* **Description of the task**
Please copy out the entries below exactly, beginning with the line that contains "Deutscher Maler Gross (um 1925/30)" and ending with the line that contains "Teren industrial 4800mp in Logistics Park", and include nothing outside that span.

* **Material for this task**
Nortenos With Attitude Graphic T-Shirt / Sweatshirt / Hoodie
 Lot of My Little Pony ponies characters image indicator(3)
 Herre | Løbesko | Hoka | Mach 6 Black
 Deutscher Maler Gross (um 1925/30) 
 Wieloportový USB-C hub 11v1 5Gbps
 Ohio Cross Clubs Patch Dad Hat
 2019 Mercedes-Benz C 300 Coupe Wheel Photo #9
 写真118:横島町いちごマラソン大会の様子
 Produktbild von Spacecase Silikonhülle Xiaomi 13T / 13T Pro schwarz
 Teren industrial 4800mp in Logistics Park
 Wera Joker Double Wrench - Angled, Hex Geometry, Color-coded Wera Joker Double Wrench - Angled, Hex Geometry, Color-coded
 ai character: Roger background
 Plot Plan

* **Your solution**
 Deutscher Maler Gross (um 1925/30) 
 Wieloportový USB-C hub 11v1 5Gbps
 Ohio Cross Clubs Patch Dad Hat
 2019 Mercedes-Benz C 300 Coupe Wheel Photo #9
 写真118:横島町いちごマラソン大会の様子
 Produktbild von Spacecase Silikonhülle Xiaomi 13T / 13T Pro schwarz
 Teren industrial 4800mp in Logistics Park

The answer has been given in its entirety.